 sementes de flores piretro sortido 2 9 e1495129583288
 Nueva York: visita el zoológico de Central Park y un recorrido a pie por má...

▬▬▬▬▬▬▬▬▬▬

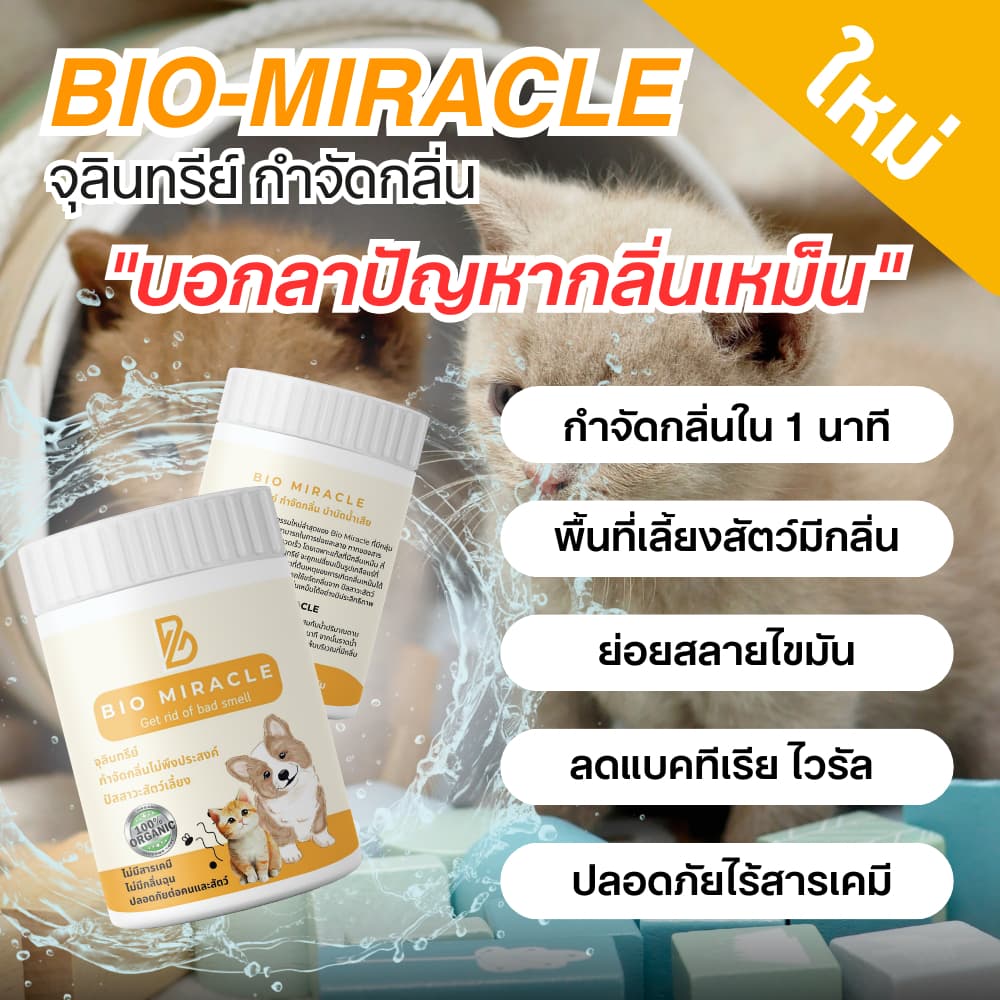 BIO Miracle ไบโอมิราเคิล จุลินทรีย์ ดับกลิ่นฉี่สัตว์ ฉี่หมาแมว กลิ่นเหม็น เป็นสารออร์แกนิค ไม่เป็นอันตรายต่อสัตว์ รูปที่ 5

▬▬▬▬▬▬▬▬▬▬

Assigned task:
Working from the material above, restate word for word the lines between the line with "sementes de flores" and the line with "Nueva York: visita", both included, and only those.

Completed task:
 sementes de flores piretro sortido 2 9 e1495129583288
 Nueva York: visita el zoológico de Central Park y un recorrido a pie por má...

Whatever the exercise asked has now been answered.